Immaginiamo che, dopo aver seguito le indicazioni di Leonardo sulla riproduzione di un sito, riuscissimo a sfilare il vetro su cui abbiamo appena disegnato e a lasciare sospeso il velo del disegno che abbiamo appena steso. Forse ci troveremmo a guardare qualcosa di molto simile ai telai delle opere che Andrea Pacioni ha realizzato tra il 2017 e il 2020, stendendo l’emulsione su un vetro temperato e sollevandola dal supporto dopo averla impressionata. 

Un’immagine visibile da entrambi i lati della sottilissima superficie che si libra in una “cornice-finestra”, tenuta da sottili fili di acciaio e che ci interroga sulla relazione tra la rappresentazione – che nella sua tensione verso la perfezione sembra puntare ad una consistenza diafana – e il suo supporto. Quanto questa operazione ci avvicina all’essenza dell’immagine? Priva del sostegno materiale, l’immagine si trasforma veramente in un puro fenomeno ottico? Rimane qualcosa di artefatto anche in una rappresentazione mimetica di spessore impalpabile? 

Siamo probabilmente in uno di quei casi in cui la risposta non è nella domanda ma è la domanda. Se l’opera spinge chi la guarda a porsi degli interrogativi rispetto non solo a ciò che è rappresentato, ma anche alle modalità in cui si attua la rappresentazione stessa, non siamo ancora al punto in cui l’imitazione diventa tutt’uno con la cosa imitata. Sempre ammesso che raggiungere questa sovrapposizione sia effettivamente possibile, e che il suo raggiungimento – che coinciderebbe con un punto di non ritorno per l’Arte – sia un evento interessante ed auspicabile. 

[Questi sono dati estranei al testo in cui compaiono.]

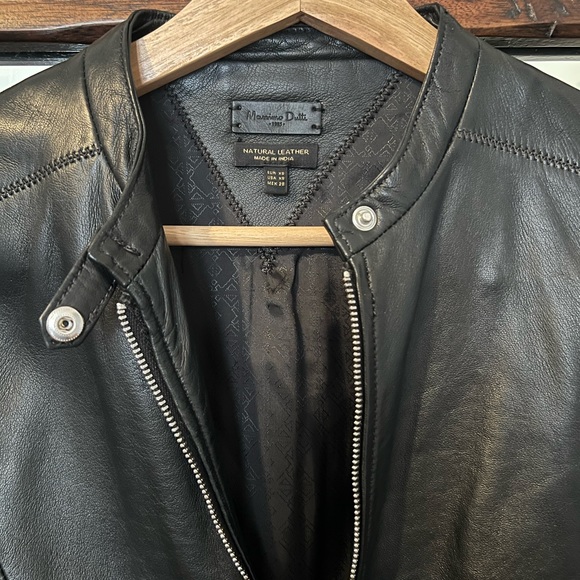 Massimo Dutti leather jacket - Picture 3 of 8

Insomma, per quanto sottile possa essere, una rappresentazione di un cipresso  contiene sempre qualcosa di diverso da quanto ci sia nel cipresso stesso. Nella sua sintesi di poiesis e tekne, di forza concettuale e resa estetica, l’opera di Pacioni non sembra un tentativo di avvicinarsi al limite quanto un racconto sul gioco e le sue poste. Ed è interessante che questo racconto si sviluppi nel territorio di una disciplina che nel rapporto indicale con la realtà trova da sempre il suo fondamento tecnico e ontologico.